Une étude de cas où un patient est traité peut utiliser l'évaluation pré- et post-traitement. Les conclusions qui peuvent être tirées d'un cas avec une telle évaluation ne sont pas nécessairement augmentées par la seule évaluation. Que des menaces spécifiques à la validité interne soient exclues dépend des caractéristiques du cas par rapport aux autres dimensions. Le Tableau 1 illustre un cas d'évaluation pré-et post-, mais avec l'absence d'autres caractéristiques qui pourraient aider à écarter les menaces à la validité interne
Si des changements se produisent dans le cas de la pré-évaluation de post-traitement, on ne peut pas tirer des conclusions valables quant à savoir si le traitement a conduit au changement. Il est tout à fait possible que des événements qui se produisent dans le temps (histoire), des processus de changement au sein de l'individu (maturation), une exposition répétée à l'évaluation (tests), des changements dans les critères de cotation (instrumentation), ou une réversion du score à la moyenne (régression) plutôt que le traitement aient conduit au changement. Par conséquent, même si le cas a inclus une évaluation objective , la conclusion qui peut être tirée sur la base du changement n'est pas beaucoup améliorée vis à vis d'un rapport anecdotique.

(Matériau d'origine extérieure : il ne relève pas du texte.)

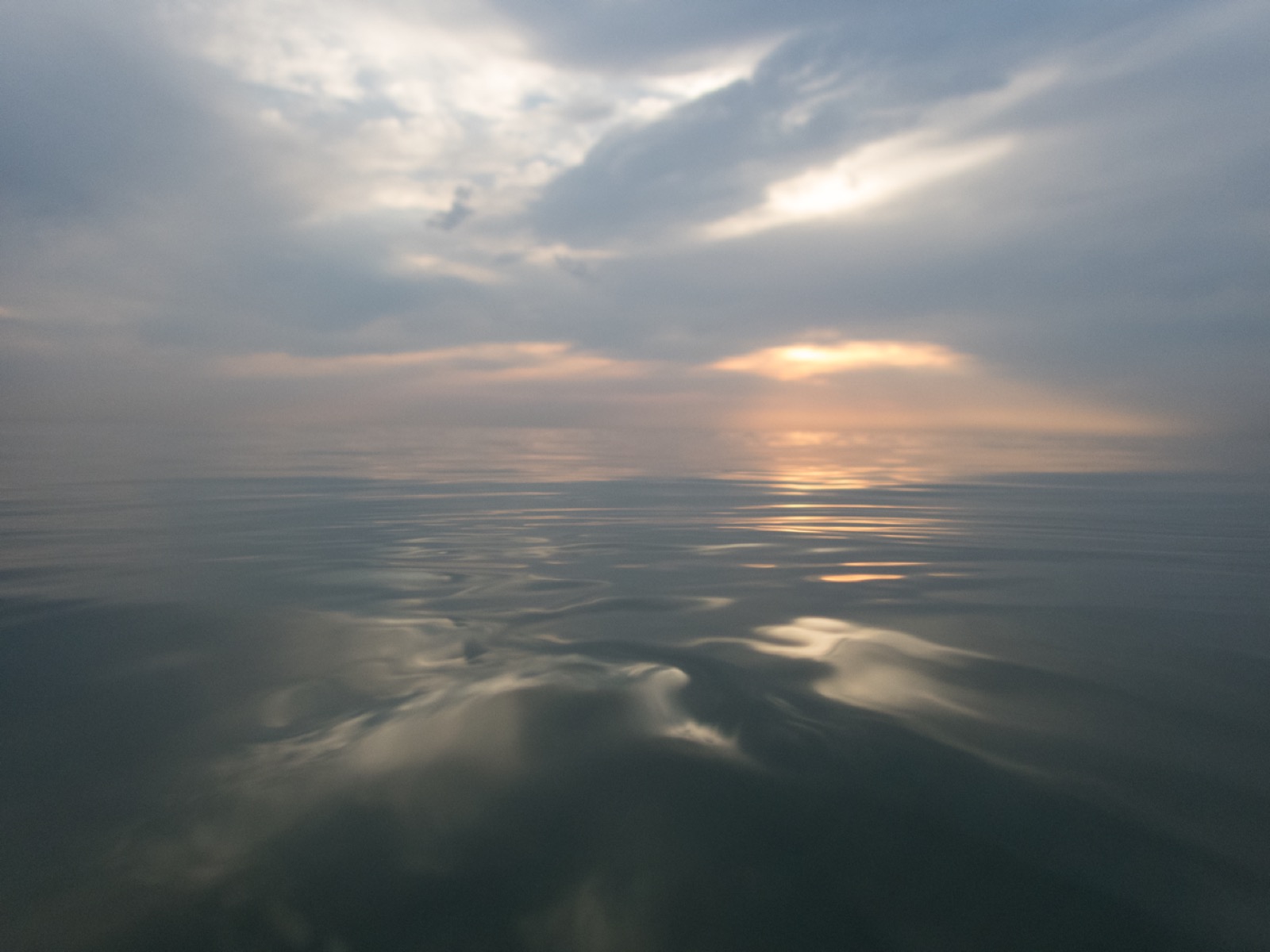 Still, calm water at dusk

Si l'étude de cas comprend une évaluation à plusieurs reprises avant et après traitement et si les changements liés à l'intervention sont relativement significatifs, les conclusions qui peuvent être tirées au sujet du traitement sont considérablement améliorées. Le Tableau 1 illustre les caractéristiques d'un tel cas, de même que la mesure suivant laquelle les menaces spécifiques à la validité interne sont traitées.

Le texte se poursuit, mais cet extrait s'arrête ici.